KEV: Have you seen this movie?
ME: Yes, but it was a long time ago; I can barely remember anything. I see Rob has returned home from playing hockey.
KEV: Yes, to the family farm.
The farm is colourless, depressing, rundown and full of dilapidated cars and trucks.
ME: What do they grow on this farm? Broken dreams?Junkyard cars? Cliches?
KEV: Youngblood's brother is angry with him.
ME: Let me guess..he used to play hockey and 'he could have made it' but then he got injured?
KEV: Yep.
ME: Is he going to give him the, "I'd do anything to play hockey and you walked away from it all" speech?
KEV: Yep.
*Angry, good looking farmer brother yells at Rob Lowe*
ME: How's he hurt?
KEV: He lost an eye.
ME: I see that they are so poor that they couldn't afford an eye that matches his original one.
KEV: He whittled it out of a potato.
I then laughed so hard I fell out of my chair. I am a simple sort.
Later, Youngblood goes to visit Patrick Swayze in the hospital.

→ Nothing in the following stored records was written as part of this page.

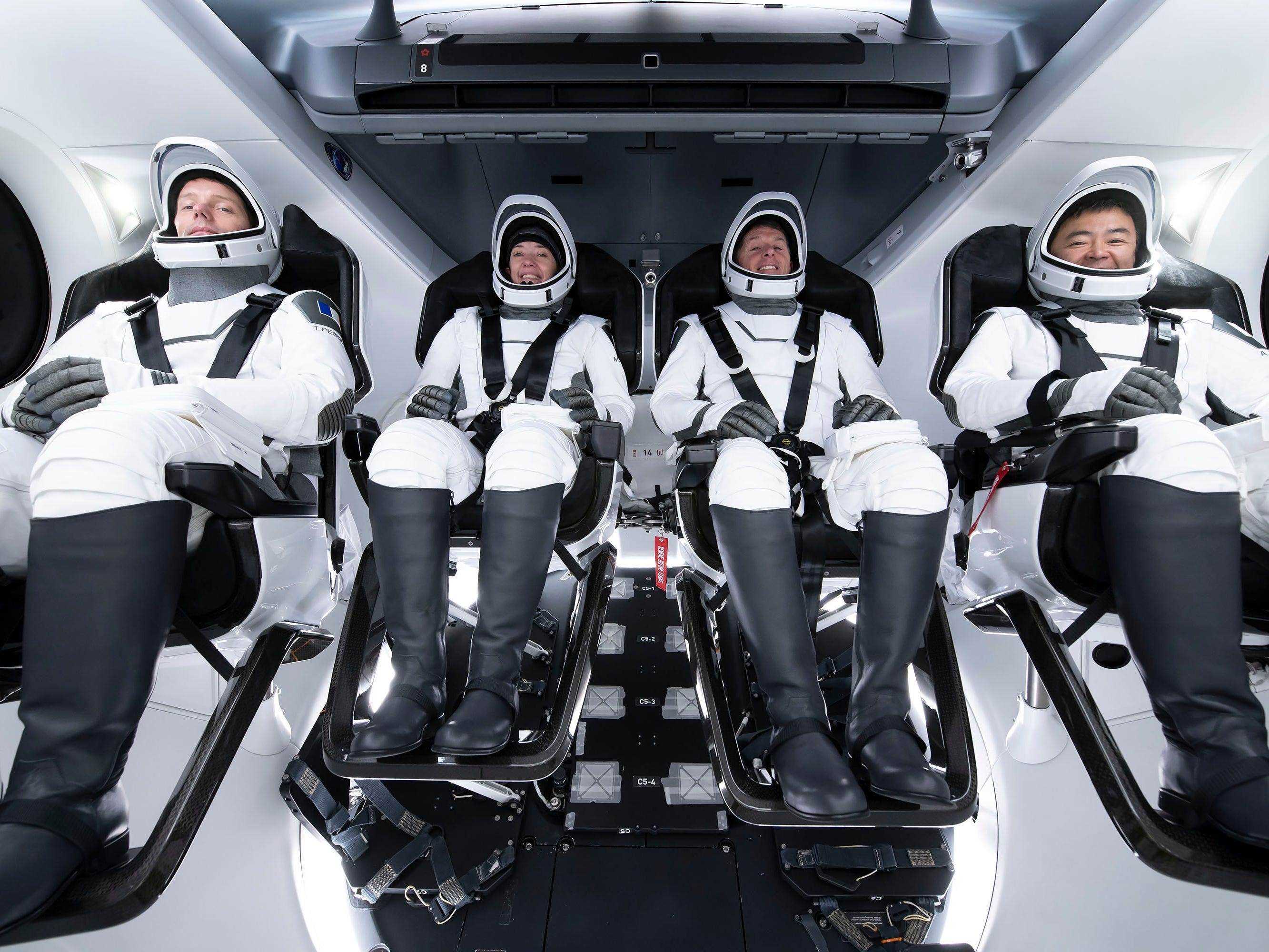 Besatzung 2 Astronauten Besatzung Drachen Raumschiff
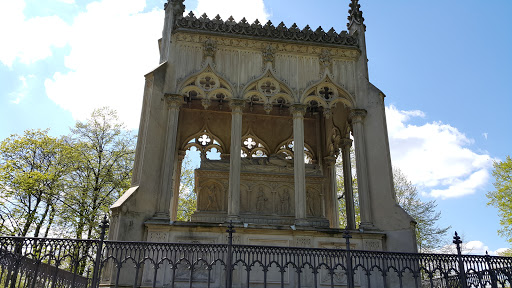 Im Park Wilanow - Das Mausoleu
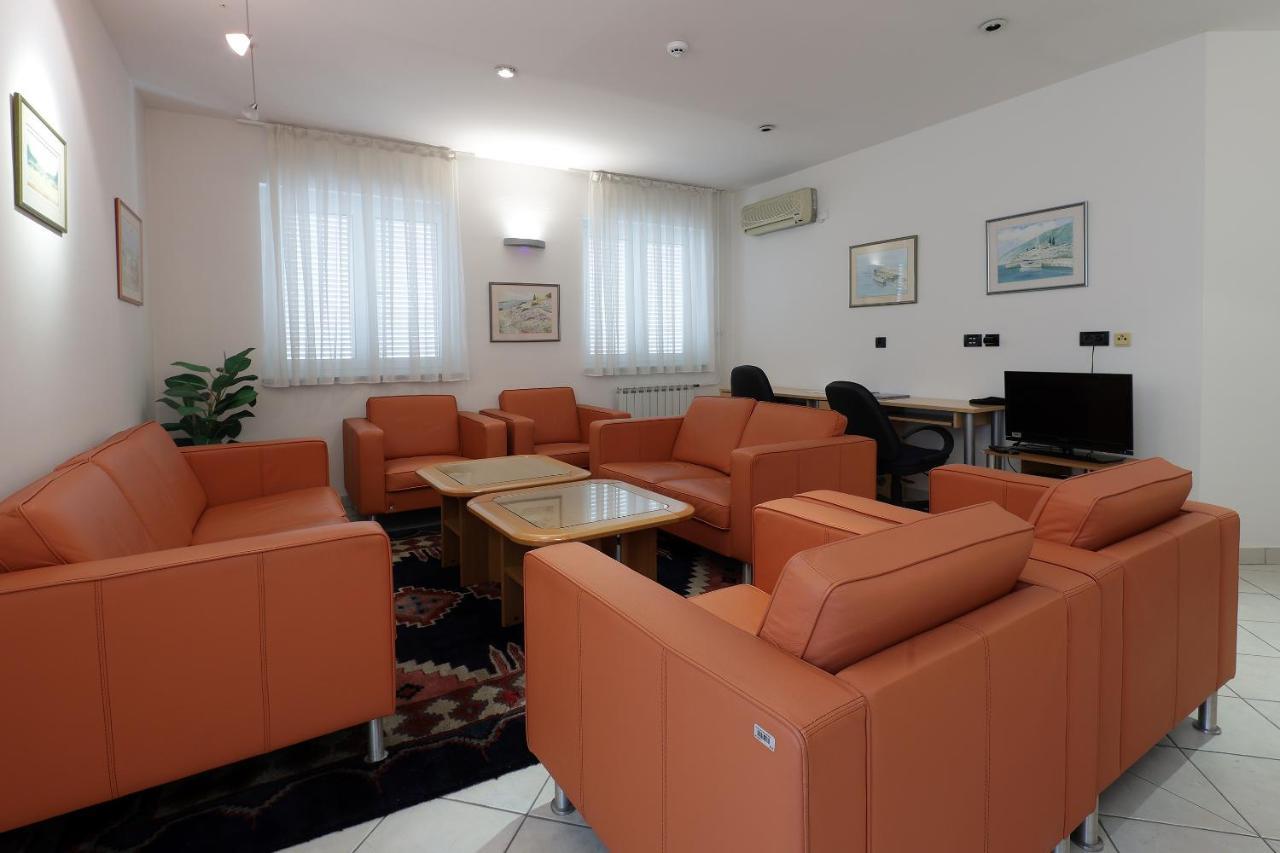 Rijeka Budget Rooms エクステリア 写真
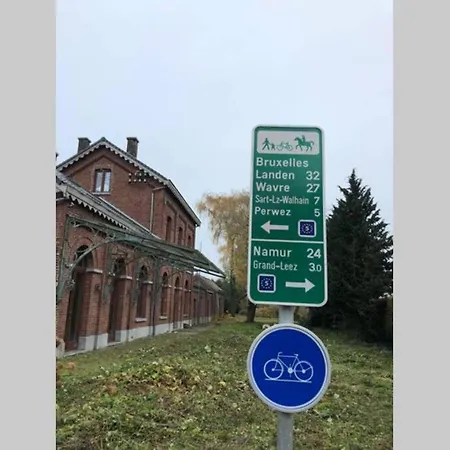 Dans Un Batiment Historique * Thorembais-Saint-Trond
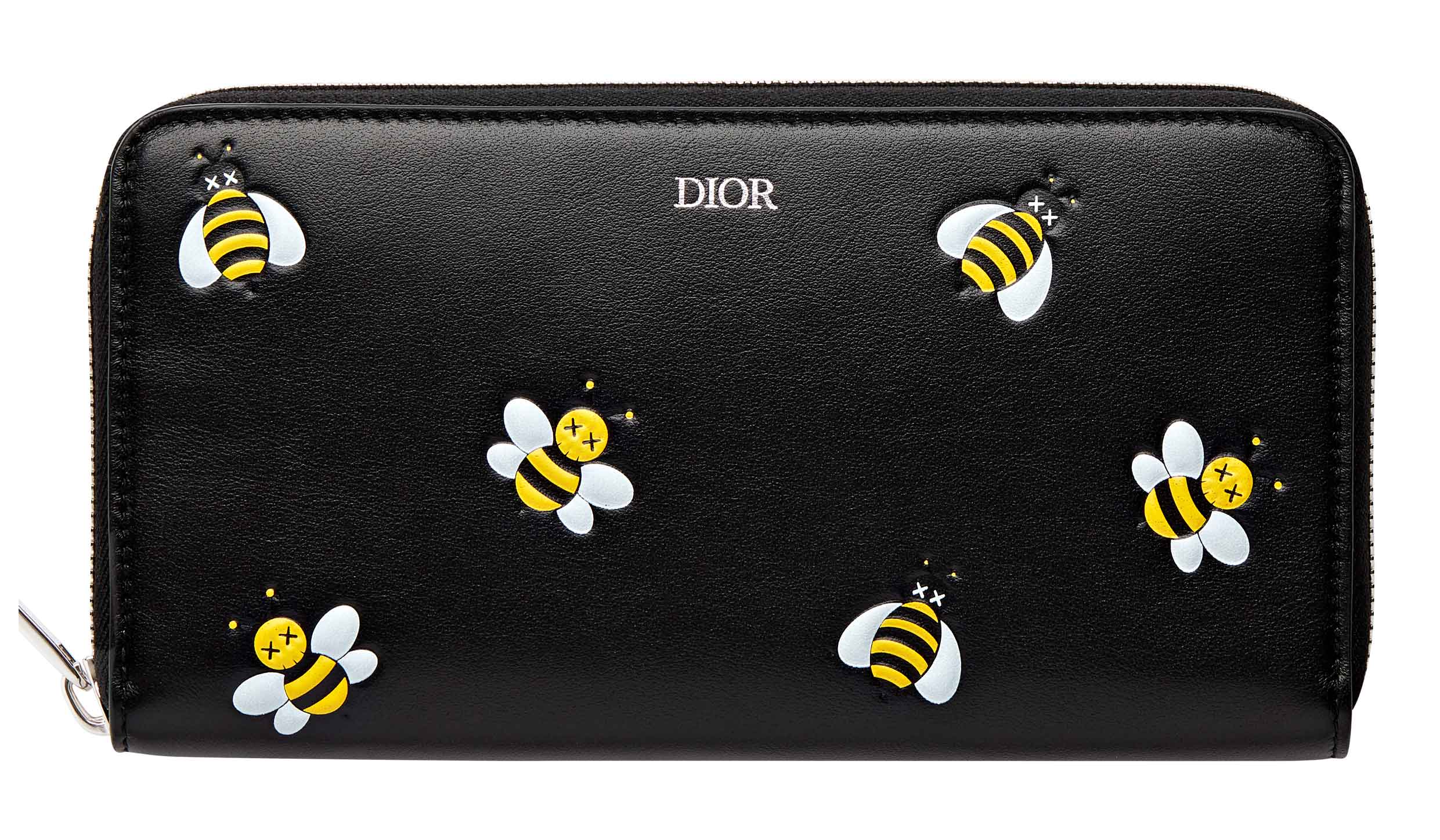 KAWSデザインの“BEE”をあしらったレザーアイテム｜DIOR　ギャラリー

He's been hurt by the evil bully in the last game.
ME: Why is he shirtless in the hospital bed?
KEV: Maybe it is very cold in his room.
ME: "Oh, don't make me laugh, Youngblood..it hurts to laugh!"
(Patrick proceeds to laugh at something Rob says and winces, coughing gently)
ME: Heh heh.
The other night after dinner the family was arguing about who would get the extra leftover chocolate chocolate chip muffins. Kev, D1, B1 and B2 all had one already, but there were still 2 left over from he 6 pack I'd gotten from the store.

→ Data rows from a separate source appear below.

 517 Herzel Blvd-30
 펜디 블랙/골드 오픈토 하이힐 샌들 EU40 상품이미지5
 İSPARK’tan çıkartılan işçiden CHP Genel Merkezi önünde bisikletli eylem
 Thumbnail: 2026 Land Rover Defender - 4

KEV: Well, there are 2 left so I get them.
ME: Um, no.
D1: Dad and I should get them!
ME: How is this fair? B1 and B2 will split one and D1 and Dad will split one. I'm low carbing anyways.
KEV: *mutters* I just would have bought 12 instead of 6.
ME: How would that have helped??? You still would have to share.
D1: *shouts*UM...12 divided by 4 equals 3!!! GOD!
ME: Ohhh. Right. SHUT UP.
KEV: That is such classic monkey. Classic.
And then they all shook their heads at me while I laughed and laughed until I cried and my stomach hurt.
THEN, last night Kev was on his laptop while we were watching TV. "Would you like the computer?" he asked nicely, handing it over. I said yes, eagerly and when I got it into my hands and looked at it THE EXORCIST WAS ON AND THE EVIL GIRL WAS SPINNING HER HEAD AND LOOKING AT ME OVER AND OVER AGAIN. F-ing YouTube! I was so freaked out that I screeched and closed the laptop and that made me extra sad because then we always lose the wireless for 15 minutes. But, you know what made the the saddest? Watching the evil girl spin her head and grin at me! Just thinking about it freaks me out.
Finally, today:
KEV: I sent you some emails. *hands me his laptop*
ME: Ohhhh! *pause* Wait...am I going to be frightened?
KEV: *laughs* No. Wait...maybe.
ME: Oh god.
It turned out to be three naked pictures of Chloe Sevigny. I despise her milksop fugly face so much. I'd love to make the joke that seeing her furry bunnyhole was scarier than the Devil but nothing is scarier than the Devil.
P.S. It was -40 this morning, without the windchill. LAME.